For the average recreational player just keeping an eye on the balance and ensuring it is trending upwards not going down is a good indication whether the performance and stakes are appropriate. If things are going the wrong way then lower the stakes.
The other thing you have to decide is how you want to define your bankroll. For instance some of it could be kept in your bank account.
You could have separate bankrolls for each online site and for live games or you could decide to view everything combined as a single bankroll.
These are personal decisions, there is no right or wrong answer.
Because you can play flawless poker, get your chips in good every hand for a long period of time and still lose.
As others said it depends on your goals, reasons for playing, and risk tolerance. For me currently if I bust my online roll completely I can't afford right now to reload and comfortably play the games I want to play. I recently started playing live and my roll is NOT sufficient for 1/2 live but I'm willing to take the chances with profit from online poker at this time because I want to try live poker. Not everyone can handle this or will agree with this. That said I adhere quite strictly these days to my BRM online because I've gone busto on short rolls in the past and it's no fun.

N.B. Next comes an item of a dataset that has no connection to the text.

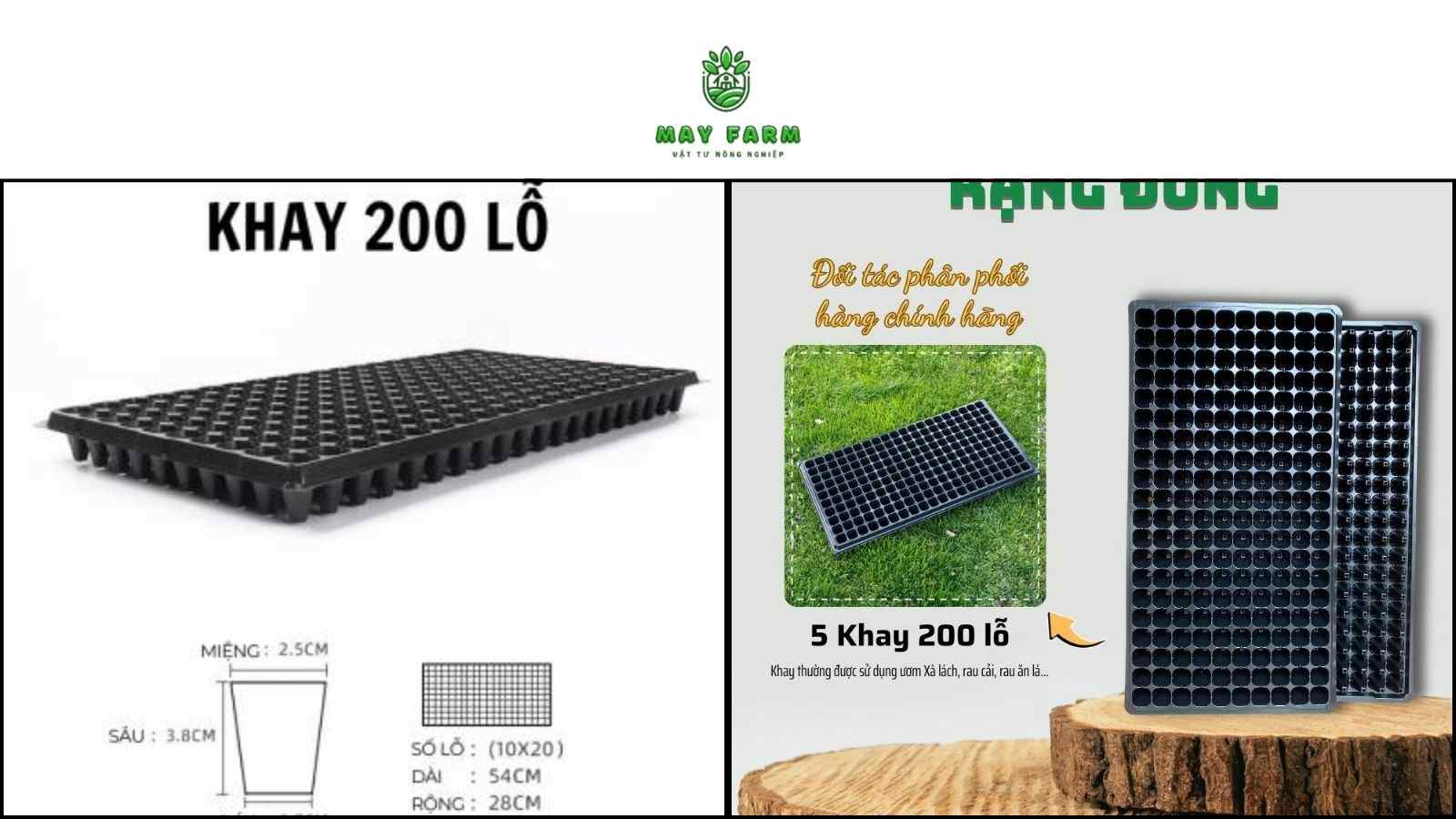 Khươm ươm cây giống 200 lỗ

Right now I consider my live and online BR one in the same but if I had some extra money I would be ok with padding my roll and keeping a separate live and separate online roll. I keep some online and some in a separate bank account.
BRM becomes more crucial if you want to take poker seriously but it can be fun to apply BRM as a challenge of sorts, a game if you will. But if you're living off poker then it's no joke and it is absolutely critical to success.
The key thing to remember is consider your risk tolerance combined with the fact that you WILL lose sometimes. We've all lost stacks to one outers on the river when playing correctly, now imagine how much of the time you lose when playing even perfectly based on simple odds and the fact that flushes can lose to higher flushes or boats, you'll miss your flushes 2/3 of the time on average, and tons of other variables regardless of how well you play you're going to lose your buy ins sometimes. So a bankroll ensures that you don't lose too much of your poker money at once and that you can keep playing.